During the interwar years, Wood Street Mission held a range of social activities in addition to provision of welfare. For example, Wood Street held cinema shows and sewing classes during the 1930s. While the Second World War disrupted some of the mission's activities (the holiday home requisitioned by the Government and rooms in the Manchester building were used as an air raid shelter), Wood Street was able to run a centre for evacuated children.

After the Second World War, the mission continued its welfare work in Manchester and Salford. Even after the establishment of the post-war welfare state, Wood Street annually distributed over 1,000 articles of clothing and around 4,000 toys in the late-1940s and 1950s.
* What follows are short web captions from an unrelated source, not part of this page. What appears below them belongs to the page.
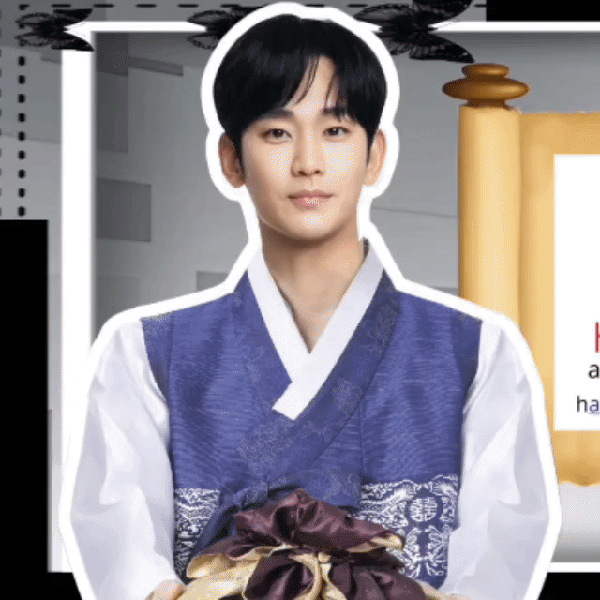 A brilliant moment of Kim Soohyun created by the fandom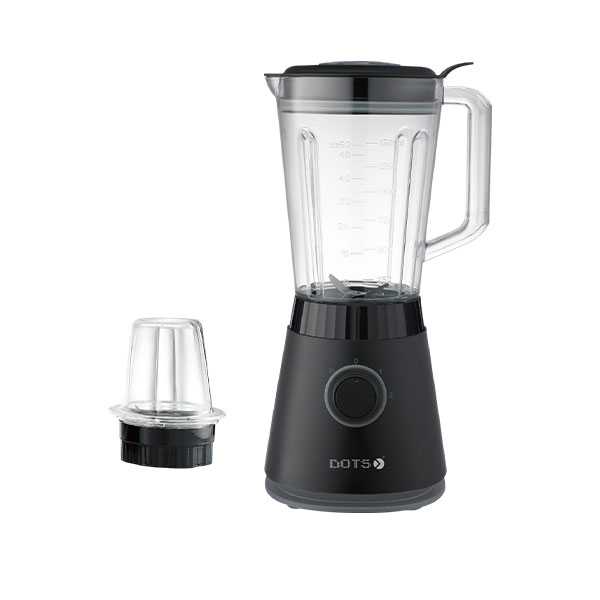 Dots Blender Black 1.5L - 600W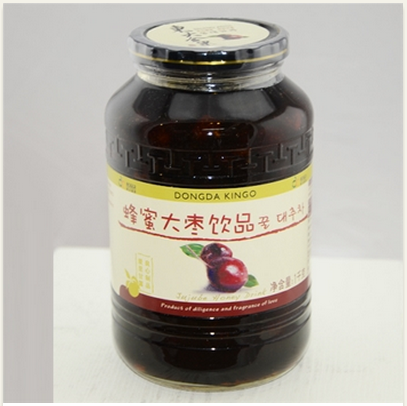 茗品匯進(jìn)口商品超市產(chǎn)品-韓國(guó)金果蜂蜜大棗飲品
The creation of the post-war welfare state also led to a close partnership between Wood Street and statutory welfare bodies such as local education authorities and social services. This partnership continues today.
During the mid-1940s, Wood Street Mission remained a focal point for the community and started a youth club, which fielded both cricket and football teams. By the early 1960s, the club had over 600 members and an attendance on Friday nights of over 200.

In 1963, it closed the holiday home in Blackpool and bought Birchfield Lodge, an outdoor recreational centre in the Derbyshire countryside. Birchfield Lodge had 9 acre of ground and offered a variety of activities to children not available in inner-city Manchester including rock-climbing and canoeing, fell-walking, caving and fishing. In addition, in 1964, Wood Street also provided an advisory service for children and teenagers with problems staffed by experienced counsellors.

===Later 20th century and 21st century===
During the late 1970s and 1980s, Wood Street Mission responded to an increase in unemployment in Manchester and Salford by distributing a larger quantity of clothing, bedding and basic items. Between 1979 and 1989, the number of families receiving this help rose from around 675 to 1,000. Although Birchfield Lodge was sold in 1981 as a result of high operational costs, Wood Street provided day-trips for children to Blackpool in co-operation with local companies.

Since the 1980s, Wood Street Mission has primarily focused on the distribution of clothing, bedding, baby equipment and toys. Wood Street's goal is to see that all children, young people and families in the Manchester and Salford areas are free from poverty and able to provide essential items for themselves and their families.

==Projects==

Wood Street Mission runs four projects each year to help children and families affected by poverty in Manchester and Salford. Their largest project is 'Family Basics', which runs from January to November. Through this project Wood Street provides clothing, bedding, baby equipment and toys to low-income families. In spring, Wood Street runs an Easter Project, and provides chocolate eggs and treats to children affected by poverty. In the summertime, Wood Street provides free school uniforms to families in need in time for the new school year in September, through their 'SmartStart' Uniform Project. Each year as part of the Christmas Appeal, Wood Street distributes toys and gifts to families in need, providing a selection of toys for every child. The vast majority of goods it provides are donated by local people and businesses, though they raise funds to buy in stock when demand exceeds supply.